Now, I have been giving the ‘open source’ ambiguity some thinking (well, about a month or so…), and came to the following conclusions:
- open source has the exact same meaning in both Bradley-like open source chemistry, and BO-like open source chemoinformatics
- both have the same goal
- it’s just the research topic that is different
Ad 1: same meaning of ‘open source’
I think ‘open source’ just means that every has the right to reproduce (and distribute and the same or modified shape) products created from the source.
In ‘open source chemistry’ (Bradley-like, sorry for the term :) the source is are the details about the chemical reactions to perform, the product being being able to run the whole reaction pathway.
In ‘open source chemoinformatics’ (Blue Obelisk-like) the source is the procedure that described how to get from one set of bits to another, really quite like getting from one molecule to another. Chemoinformatics, being IT science, just makes it a lot easier to distribute the algorithm to do that. (Sure, CMLReact is getting along quite nicely.)

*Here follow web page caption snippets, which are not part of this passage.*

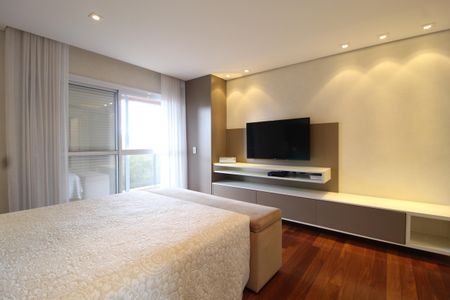 Apartamento à venda com 247m², 3 quartos e 3 vagasQuarto 3 - Suíte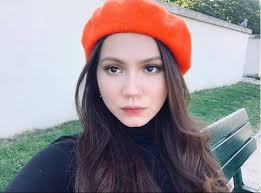 She is sister of actress wan shamira putri octavia and the cousin of actors raysha rizrose, nelydia. Mewarisi Kecantikan Bakat Seni Ibu Pelakon Aprena Manrose Kongsi Detik Bersama Arwah Nona
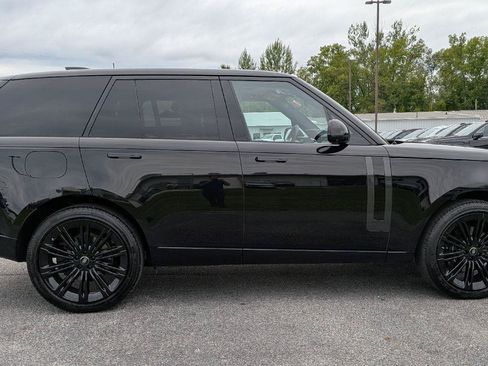 Used 2025 Land Rover Range Rover SE AWD/4WD image 5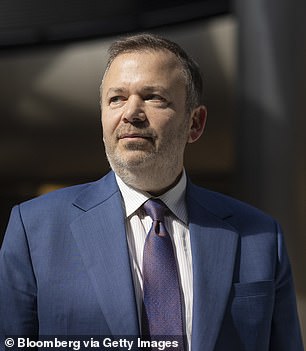 على الهجوم مرة أخرى: بوعز وينشتاين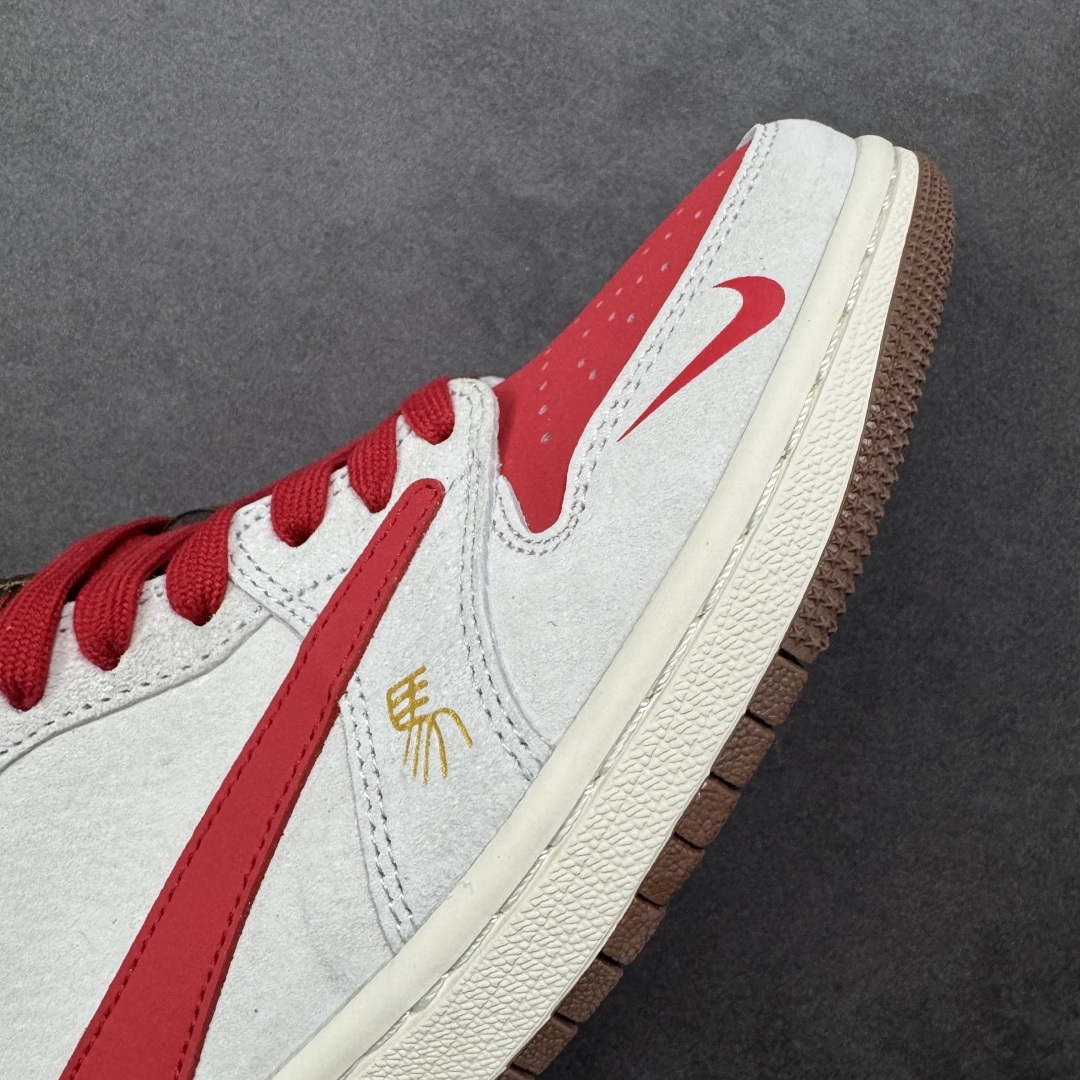 图片[5]-【定制版】AJ1低帮 马年开运 Air Jordan 1 红白棕撞色自带复古腔调，2026马年烫金标暗藏专属仪式感，翻毛皮材质细腻高级，低帮设计告别笨重，日常穿搭更灵活。经典AJ1鞋型保证缓震脚感，搭配牛仔裤、运动裤都能秒变街头焦点，不管是学生党还是打工人，这双鞋都能承包你的马年出行，开运又吸睛！ 货号：FC1688-248 尺码：36 36.5 37.5 38 38.5 39 40 40.5 41 42 42.5 43 44 44.5 45-选品中心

The analogy even goes further, both science do not only depend on open source. Like Bradley-like open source science allows embedding proprietary stuff (glass-ware, closed-source software, chemical both from Acros (now Fisher), …), so does BO-like open source science, which uses tons of proprietary stuff too (computers, Sun’s JVM, MS-Windows).
Ad 2: same goal
I can be short on this one. For both ‘open source’ initiatives the goal is to share knowledge and make science reproducible.
Ad 3: different topic
So, the confusion was just coming from the fact to what extend ‘open source’ tools are being used. Can you do open source science without using open source chemoinformatics? Sure. In a utopic situation, all tools and small bits are ‘open source’ (though some are agnostic to this). But fact is, that many Blue Obelisk members use ‘closed source’ tools all the time, even if they do not have too. At least everyone is doing ‘open source’ on their specialisms, both in open source chemistry and in open source chemoinformatics.
I guess we should just be stop being short on ‘open source software’ to remove any ambiguity of the term ‘open source’. As a spin-off, this would make Bradley’s work fit in nicely with ODOSOS: open data, open source, open standards.